▸ **YOUR TASK**
Each entry below is to be copied out exactly and in full.

········

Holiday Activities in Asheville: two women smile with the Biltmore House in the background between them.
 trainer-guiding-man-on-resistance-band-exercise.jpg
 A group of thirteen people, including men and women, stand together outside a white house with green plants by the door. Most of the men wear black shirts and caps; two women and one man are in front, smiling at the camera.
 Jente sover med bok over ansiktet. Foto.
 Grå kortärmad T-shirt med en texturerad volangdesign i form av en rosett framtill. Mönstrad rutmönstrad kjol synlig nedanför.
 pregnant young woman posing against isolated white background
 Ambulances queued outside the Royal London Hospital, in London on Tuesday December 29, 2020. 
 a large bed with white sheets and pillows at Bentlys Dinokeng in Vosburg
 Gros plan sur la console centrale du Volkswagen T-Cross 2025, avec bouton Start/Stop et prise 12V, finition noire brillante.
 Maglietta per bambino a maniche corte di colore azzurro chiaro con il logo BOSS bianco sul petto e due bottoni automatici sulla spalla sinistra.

········

▸ **EXERCISE ANSWER**
Holiday Activities in Asheville: two women smile with the Biltmore House in the background between them.
 trainer-guiding-man-on-resistance-band-exercise.jpg
 A group of thirteen people, including men and women, stand together outside a white house with green plants by the door. Most of the men wear black shirts and caps; two women and one man are in front, smiling at the camera.
 Jente sover med bok over ansiktet. Foto.
 Grå kortärmad T-shirt med en texturerad volangdesign i form av en rosett framtill. Mönstrad rutmönstrad kjol synlig nedanför.
 pregnant young woman posing against isolated white background
 Ambulances queued outside the Royal London Hospital, in London on Tuesday December 29, 2020. 
 a large bed with white sheets and pillows at Bentlys Dinokeng in Vosburg
 Gros plan sur la console centrale du Volkswagen T-Cross 2025, avec bouton Start/Stop et prise 12V, finition noire brillante.
 Maglietta per bambino a maniche corte di colore azzurro chiaro con il logo BOSS bianco sul petto e due bottoni automatici sulla spalla sinistra.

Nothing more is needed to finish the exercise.